→ Dataset content
★ ★ ★ ★ ★

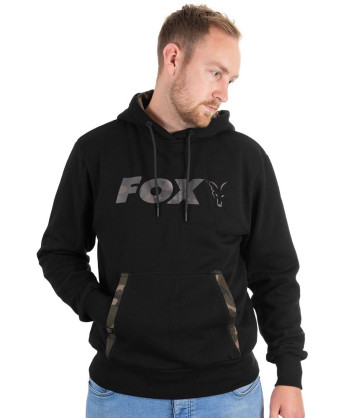 Výprodej Fox Mikina Black Camo Hoody - XXXL
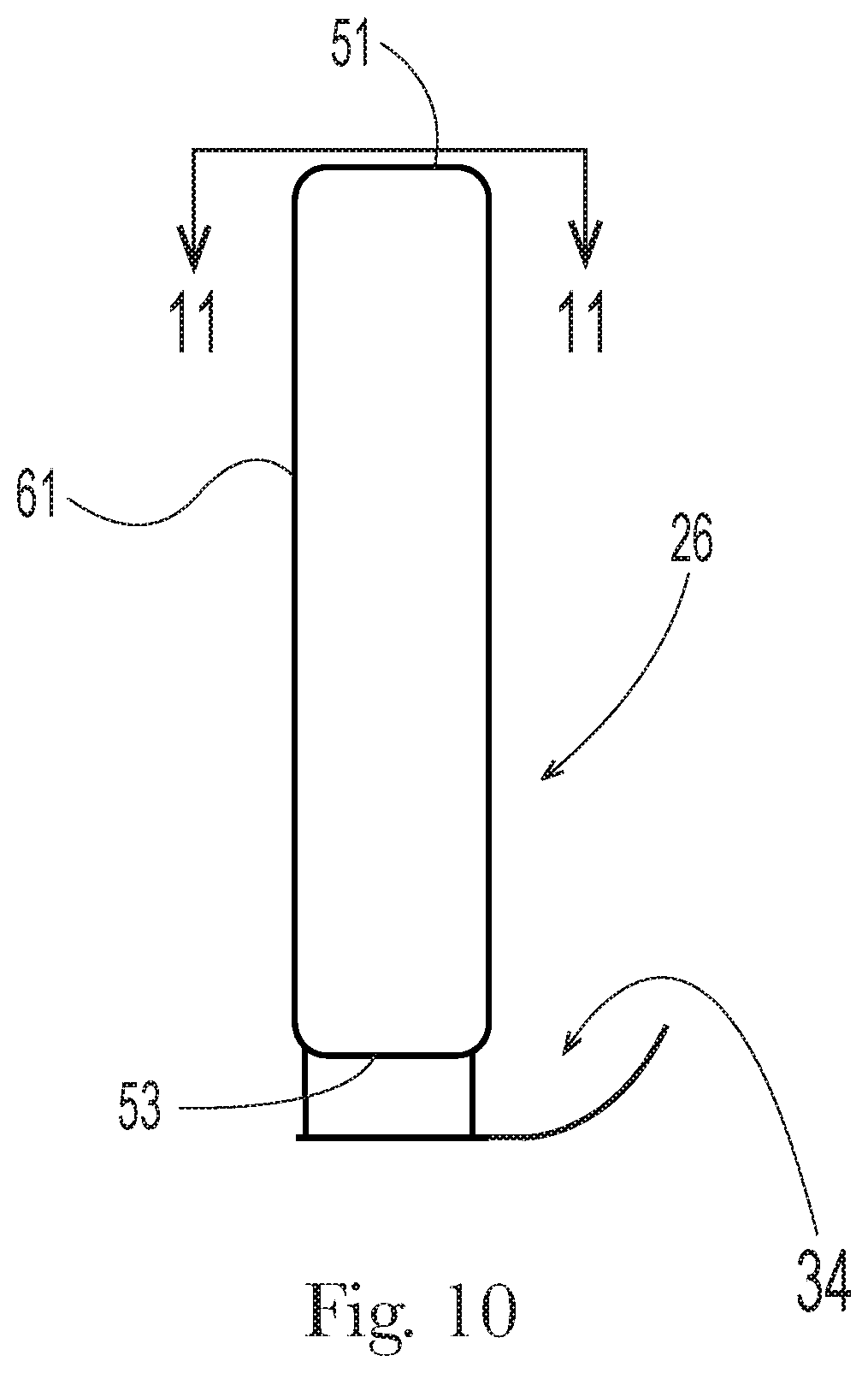 Patent US12103020 Figure 9 – Microfluidic delivery device and method for dispensing a fluid composition upward into the air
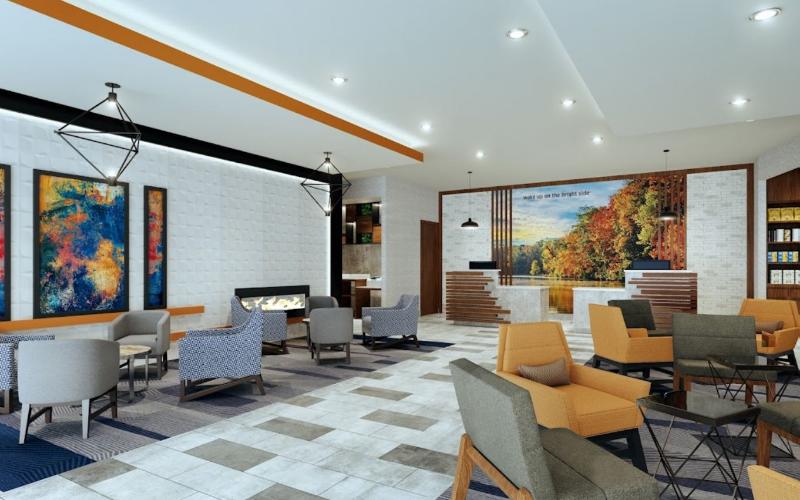 호텔 La Quinta Inn & Suites By Wyndham Locust Grove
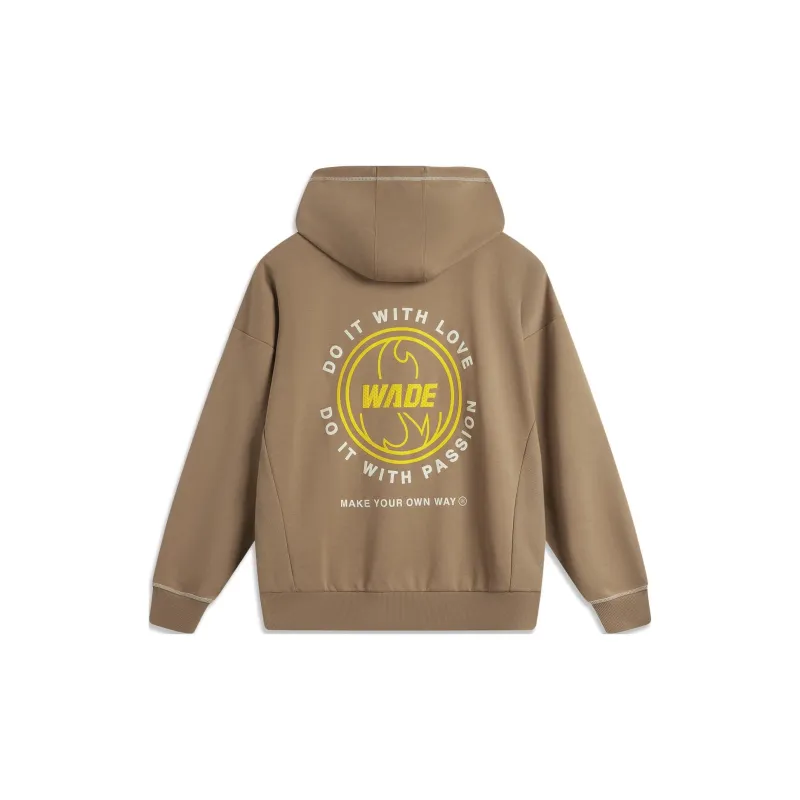LiNing Sweatshirt Men's Caramel Brown-1
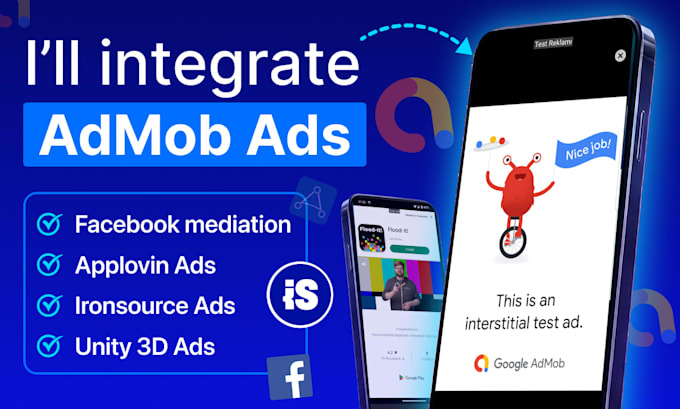 Integrate admob ads in android app by Alizaidi234 | Fiverr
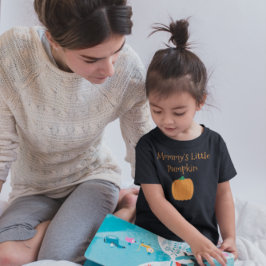 Mamma Little Pumpkin T Shirt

★ ★ ★ ★ ★

→ What to work on
Every line from the one containing "Integrate admob ads" through the last line of the data, both included, is to be repeated exactly; the pictures are to be left out.

→ Expected answer
 Integrate admob ads in android app by Alizaidi234 | Fiverr
 Mamma Little Pumpkin T Shirt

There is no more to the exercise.